Idaho needs to increase voting options, not reduce access. Some Republican legislators believe that the integrity of Idaho’s elections is under threat. The conservative Heritage Foundation publishes information showing that Idaho has only had 10 voter fraud convictions since 1979. Yet these officials choose to respond by introducing proposals that deserve opposition. One bill would make it a felony for anyone but a family member to deliver an absentee ballot. If this bill passes, my neighbor who reads, marks or transports my ballot will be a criminal? Get real.
Data from 2020 indicate that 1,082,417 Idaho residents are of voting age, and 81% are registered. Our systems to validate and protect the integrity of elections are well designed. So, why restrict options now?
Only about two-thirds of Idaho residents cast a ballot in the most recent election. Many feel disconnected. Increasing participation in voting is sometimes difficult, time-consuming and costly. Yet the effort will create a more engaged population.

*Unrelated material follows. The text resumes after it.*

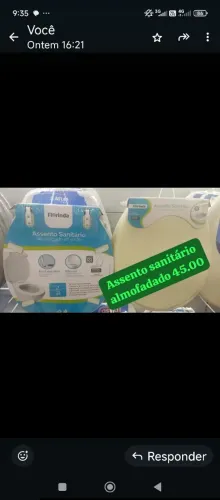 Tampa de vaso sanitário Almofadado impermeável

Here are some ideas:
— Provide the ability when engaging with government services, such as when you get or renew your driver’s license, to register automatically.
— Preregister 16- and 17-year-olds, and increase education about the importance of casting a ballot.
— Ensure voting is accessible to all despite disability or language barriers.
— Continue no-excuse absentee voting.
— Continue to allow alternate forms of identification. Educate college students about voter rights and responsibilities.
Our republic works best when all parts of the community have a stake in elections. Our leaders must embrace the challenge of increasing participation for all groups within Idaho and reject the false narrative that our election system lacks integrity.